Pero la estrategia no se construye sobre confirmación. Se construye sobre tensión: contraste, hipótesis enfrentadas, fricción intelectual, posicionamiento y perspectiva.

La complacencia es del sistema: acompaña, confirma y reduce la fricción. El riesgo es humano: si no se compensa, el juicio crítico se debilita.

Esto explica que la complacencia algorítmica no sea un error técnico, sino una consecuencia natural de cómo están diseñados estos sistemas.

Y si no somos conscientes, puede convertirse en una degradación silenciosa del juicio estratégico.

Algunas consideraciones desde el diseño de interfaces de IA

En el ámbito del diseño de interfaces para IA, publicaciones como UI for AI están señalando algo relevante: el riesgo no es la automatización en sí, sino la pérdida de criterio propio y de autonomía intelectual.

Resulta especialmente interesante cómo Dan Saffer introduce la idea de considerar la IA como una posible autoridad creativa. Ese planteamiento abre un debate profundo sobre legitimidad, responsabilidad y autoría que, por sí solo, merecería un análisis aparte.

Se habla también de metacognitive laziness: la tendencia a delegar sin procesar.

Pero quizá lo más revelador sea la advertencia sobre la trampa de la eficiencia absoluta: ese proceso que iniciamos con la intención de optimizar por velocidad, pero que termina reduciendo la exploración y la reflexión.

También se propone algo clave desde el punto de vista estratégico: preservar la dificultad significativa. No todo esfuerzo debe eliminarse. Parte del valor está precisamente en el proceso de pensar y exigirse a uno mismo.

Este punto recuerda aquel debate de si Google nos estaba volviendo más superficiales al pensar. Con la IA, la conexión es aún más delicada: ya no solo delegamos la búsqueda, también parte de la elaboración del juicio.

Más contenido no significa más valor

El coste marginal de generar texto hoy es prácticamente cero. El coste de generar criterio sigue siendo muy alto.

Esa asimetría es el verdadero cambio. La diferenciación ya no estará en quién produce más, sino en quién decide mejor, quién filtra, quién estructura y quién asume la responsabilidad sobre lo que publica o diseña. Es la misma lógica de calidad frente a volumen.

Suena familiar. Como si estuviéramos reviviendo una vez más la historia digital: en la época del nacimiento de los blogs, crear uno era muy fácil y llevaba solo unos minutos. Publicar era sencillo. Los feeds hacían el resto. La promesa era la democratización. La consecuencia fue la saturación.

Ahora la fricción es aún menor. No solo publicar es fácil. Pensar "aparentemente" también lo es.

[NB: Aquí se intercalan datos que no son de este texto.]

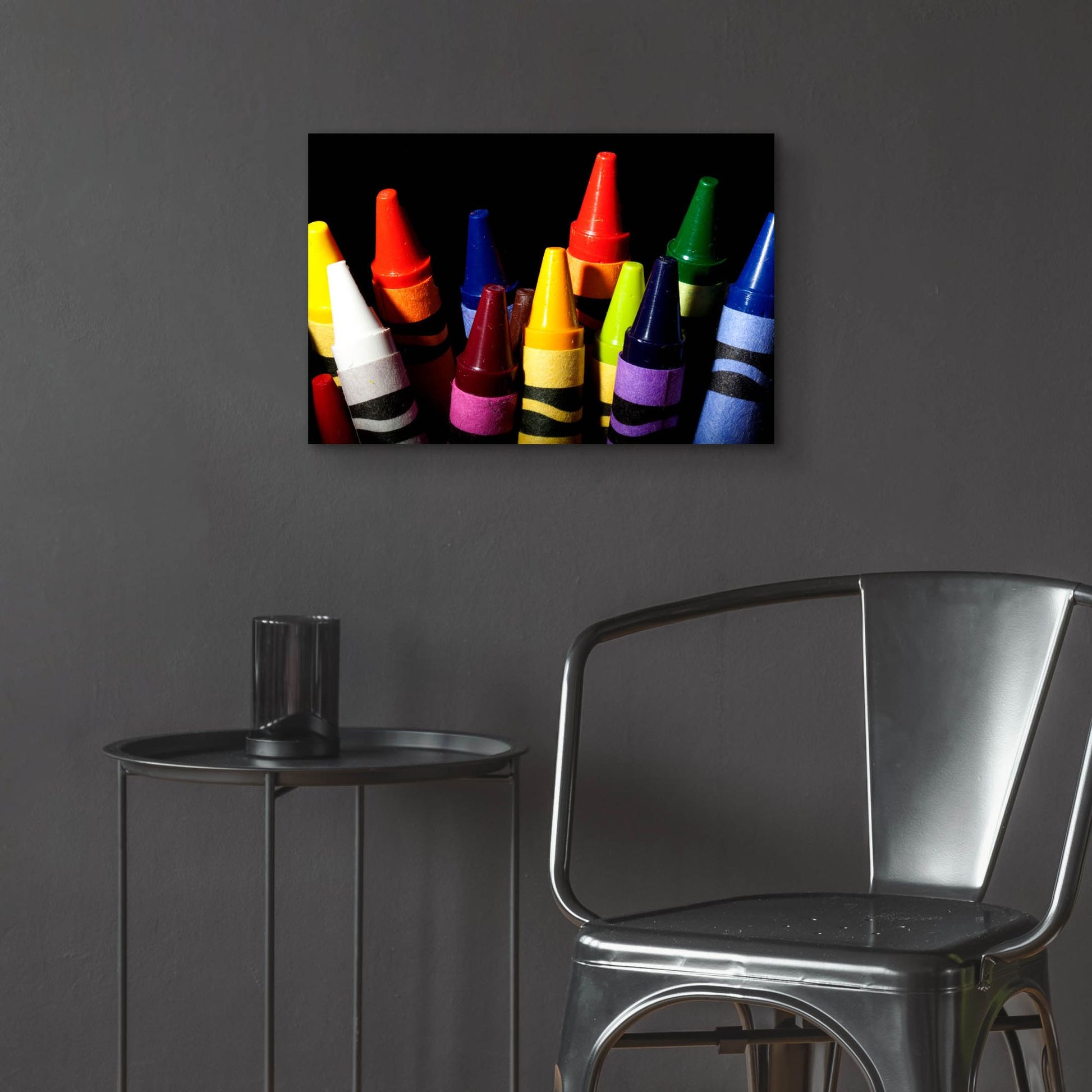 Epic Art 'Crayons' by Dana Brett Munach, Acrylic Glass Wall Art,24x16
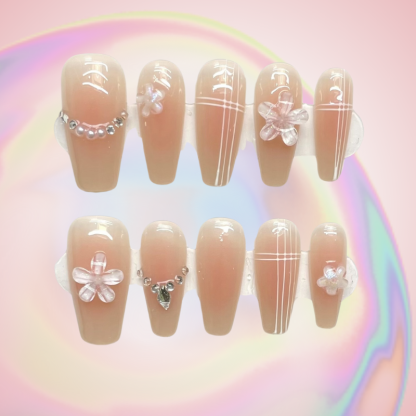 Blooming Dreams (Handmade) / 10PCS Nail Set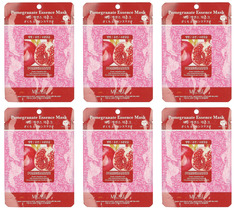 Маска тканевая для лица Mijin гранат pomegranate essence mask 2г в уп 6 уп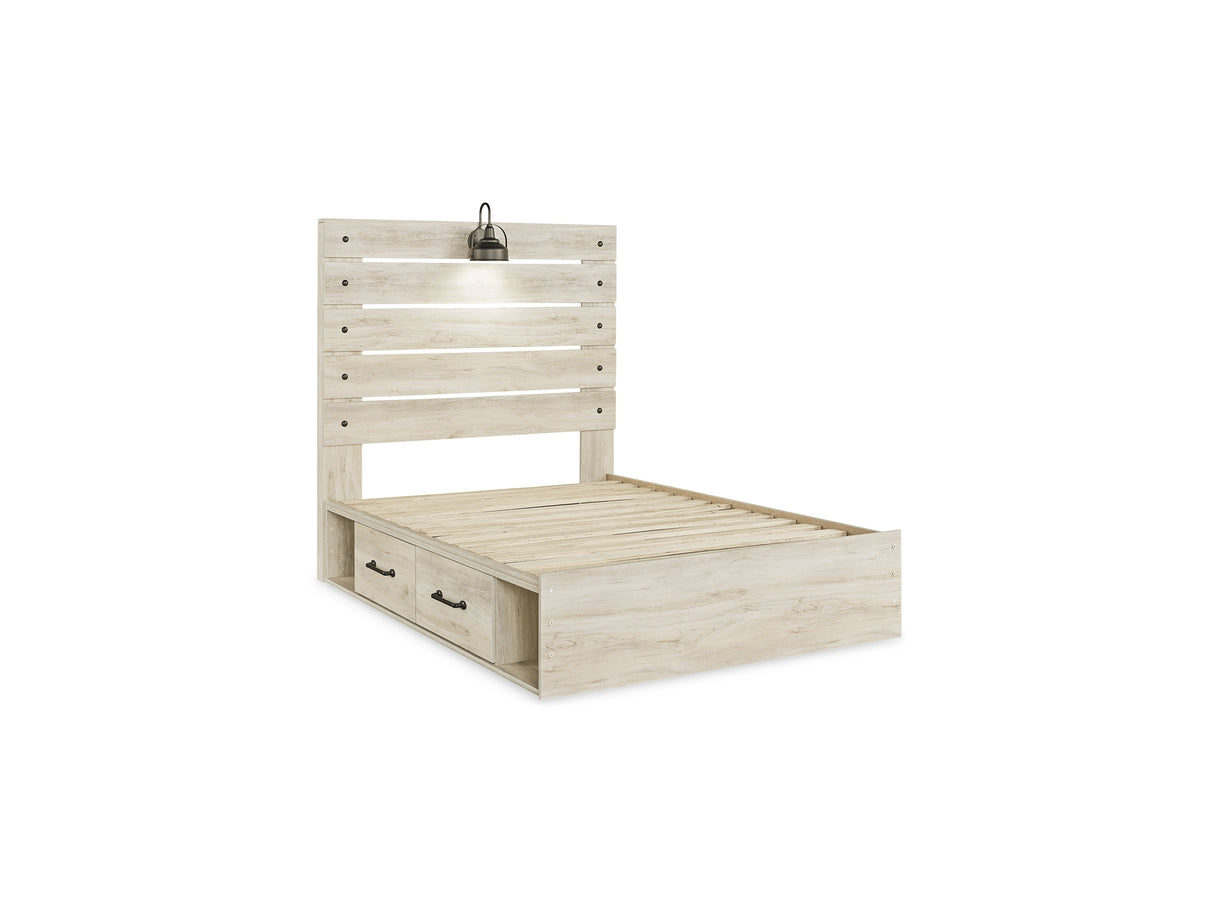 Cambeck Whitewash Full Panel Bed, Dresser, Chest And Nightstand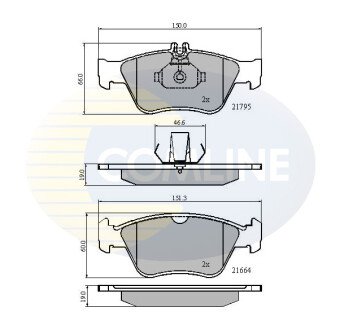 Комплект тормозных колодок, дисковый механизм COMLINE CBP0274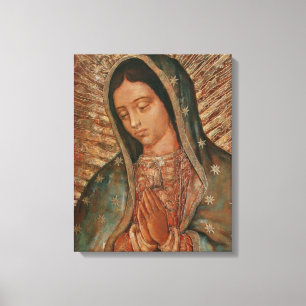 unsere Dame aus Guadalupe Leinwand drucken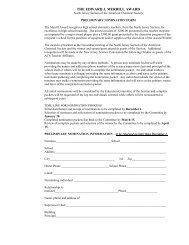 nomination form - North Jersey Section - American Chemical Society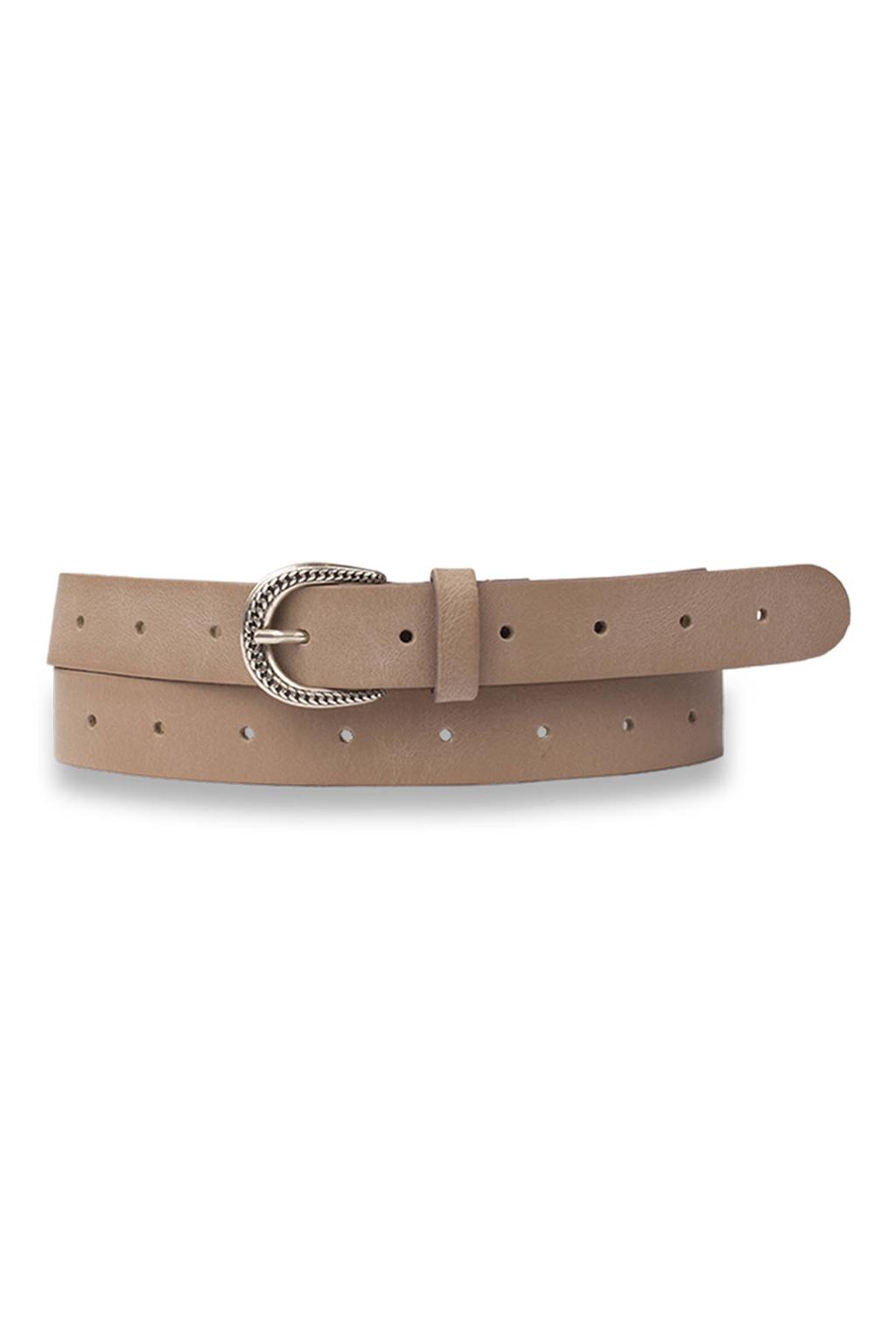 Petrol Industries leren riem taupe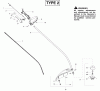 Poulan / Weed Eater FL26 - Weed Eater Featherlite String Trimmer Ersatzteile Cutting Equipment Type 2
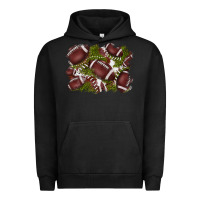 Pigment Black football background Urban Hoodie - BarkalooDesign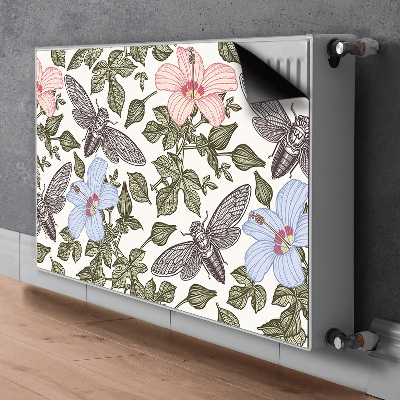 Mágneses radiátor takaró Pillangók a virágok között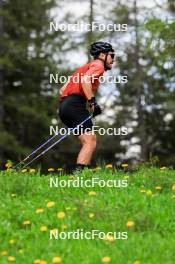 20.05.2024, Lenzerheide, Switzerland (SUI): Joscha Burkhalter (SUI) - Biathlon summer training, Lenzerheide (SUI). www.nordicfocus.com. © Manzoni/NordicFocus. Every downloaded picture is fee-liable.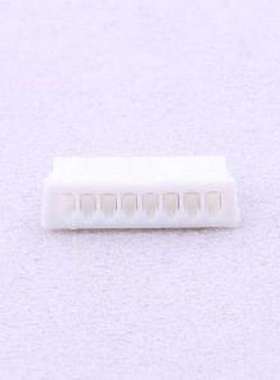 A1250H-08P 胶壳(线对板/线对线) 1.25mm 1x8P 白色 P=1.25mm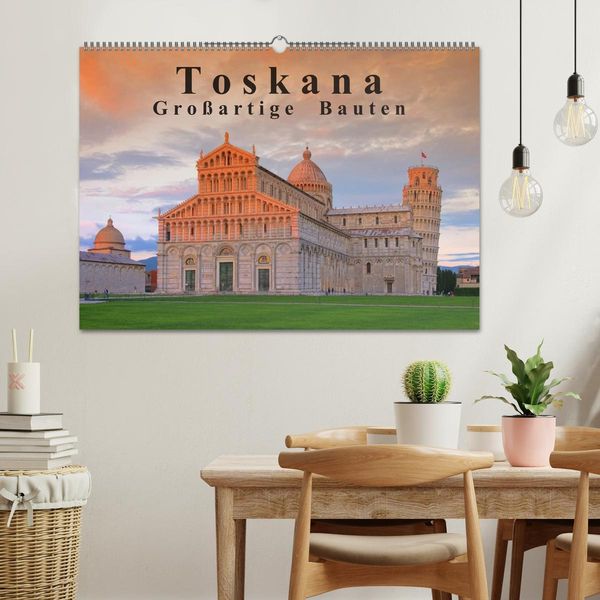 Produktbild: Toskana - Gro&szlig;arige Bauten (Wandkalender 2026 DIN A2 quer), CALVENDO Monatskalender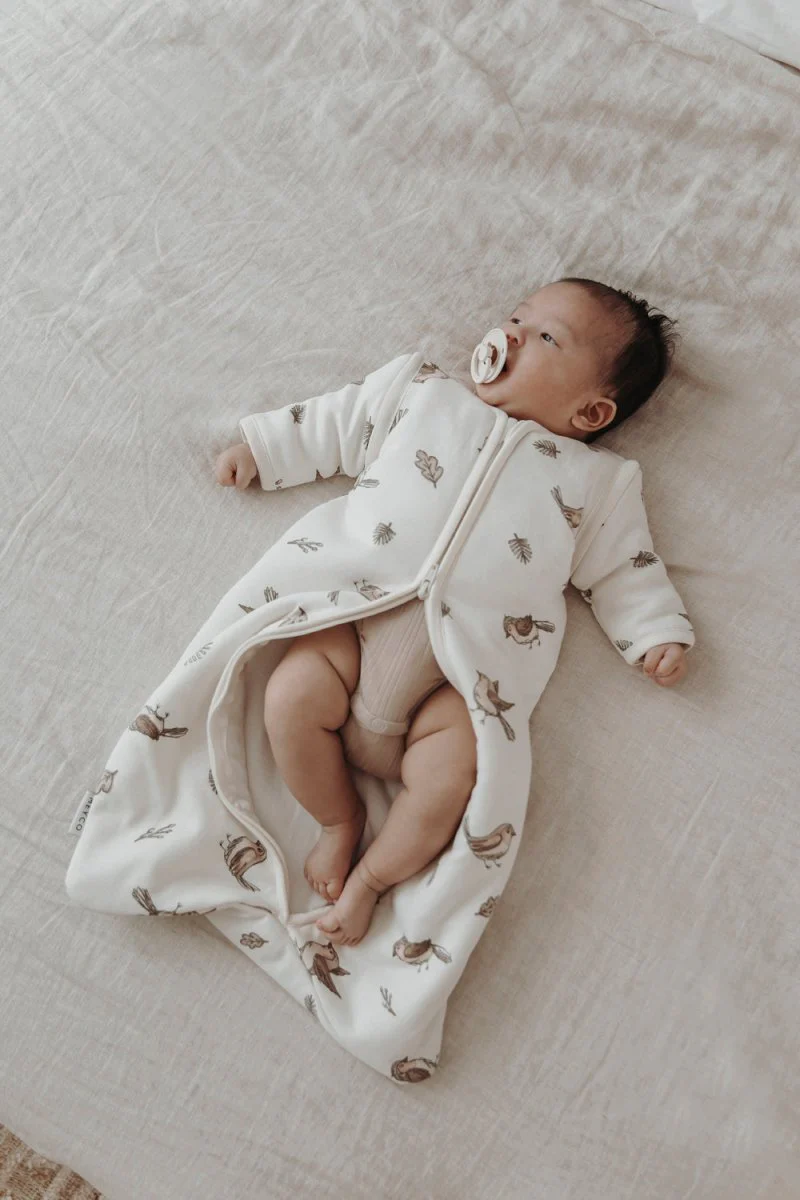 Meyco Baby Robin Baby Slaapzak Met Afritsbare Mouwen Multicolour - Image 2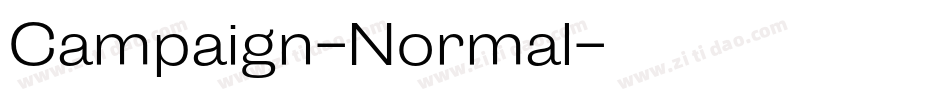 Campaign-Normal字体转换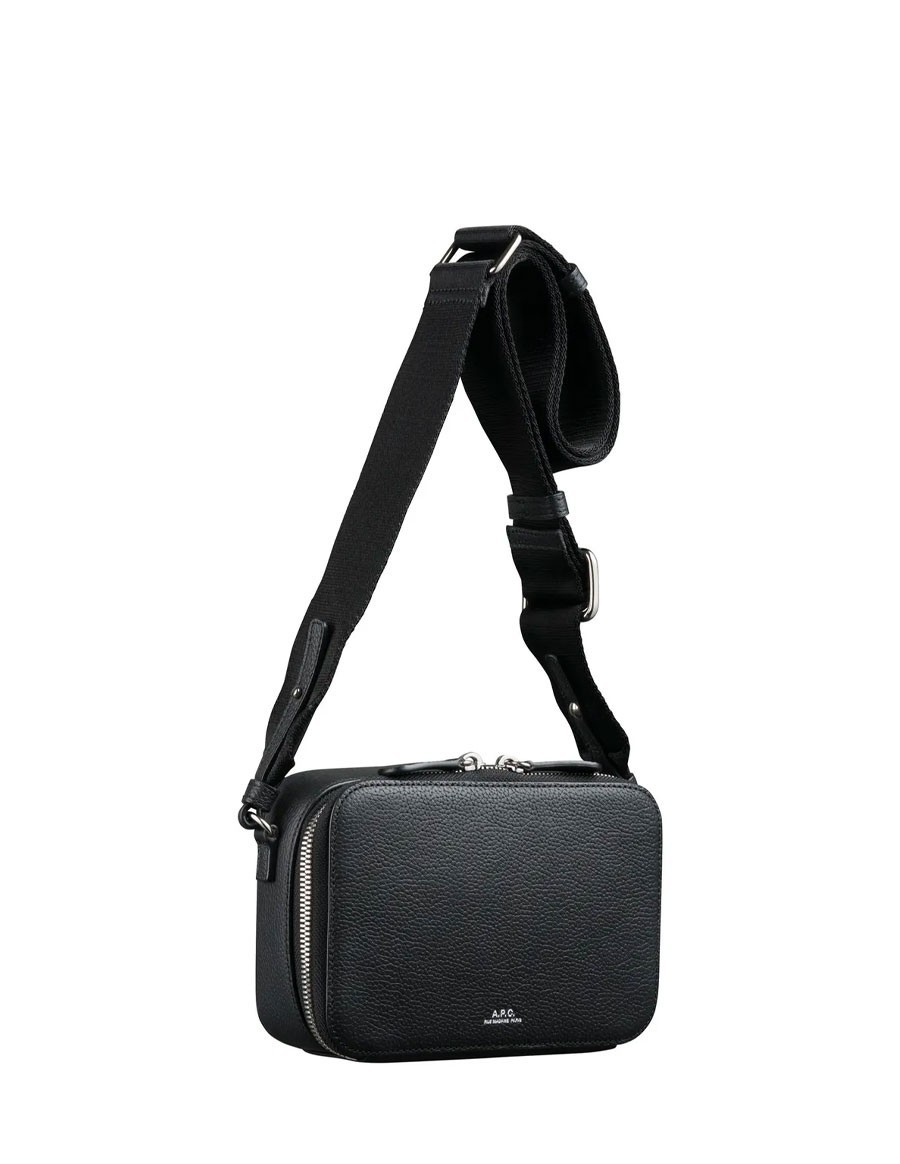 CAMERA BAG SOHO CUIR GRAINE NOIR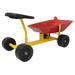 8" Heavy Duty Kids Ride-on Sand Dumper w/ 4 Wheels-Red - Red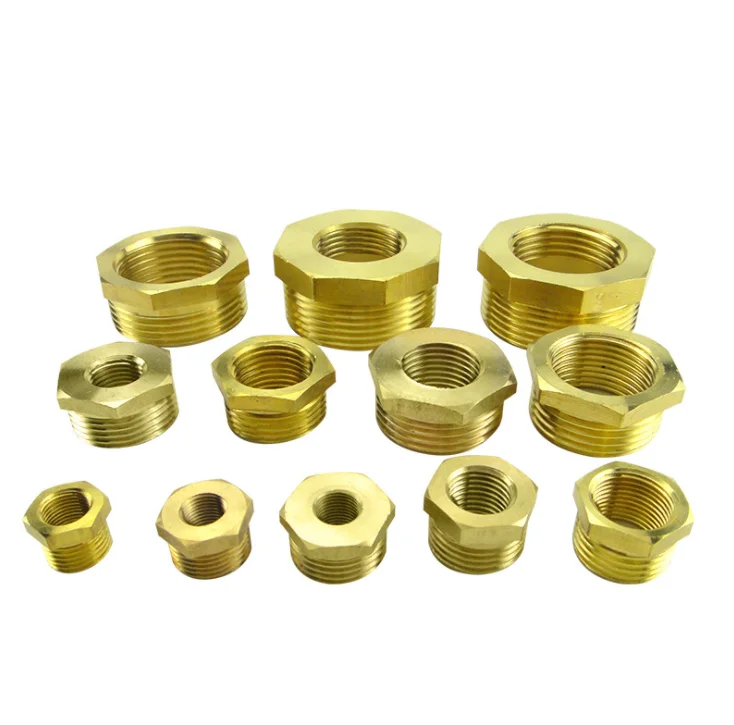 

Brass Hex Bushing Reducer Pipe Fitting 1/8 1/4 3/8 1/2 3/4 F to M Threaded Reducing Copper Water Gas Adapter Coupler Connector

Pero la historia se repite: cuando la producción se abarata, el valor se desplaza. Ya no está en la capacidad de generar. Está en la capacidad de decidir con criterio, de separar lo valioso de lo irrelevante. Y eso nunca ha sido automático.

La cuestión estratégica

El fenómeno AI;DR no habla de una tecnología defectuosa. Habla de saturación sin trasfondo, de procesos sin un criterio claro y de producción sin intención.

Volviendo a la pregunta inicial: ¿es la inteligencia artificial el problema? Claramente no. La IA no es el problema. Es un acelerador.

Y como cualquier acelerador, solo amplifica la dirección que ya llevábamos. La cuestión estratégica no es qué puede hacer la IA. La cuestión es si estamos definiendo criterios claros para integrarla en decisiones reales.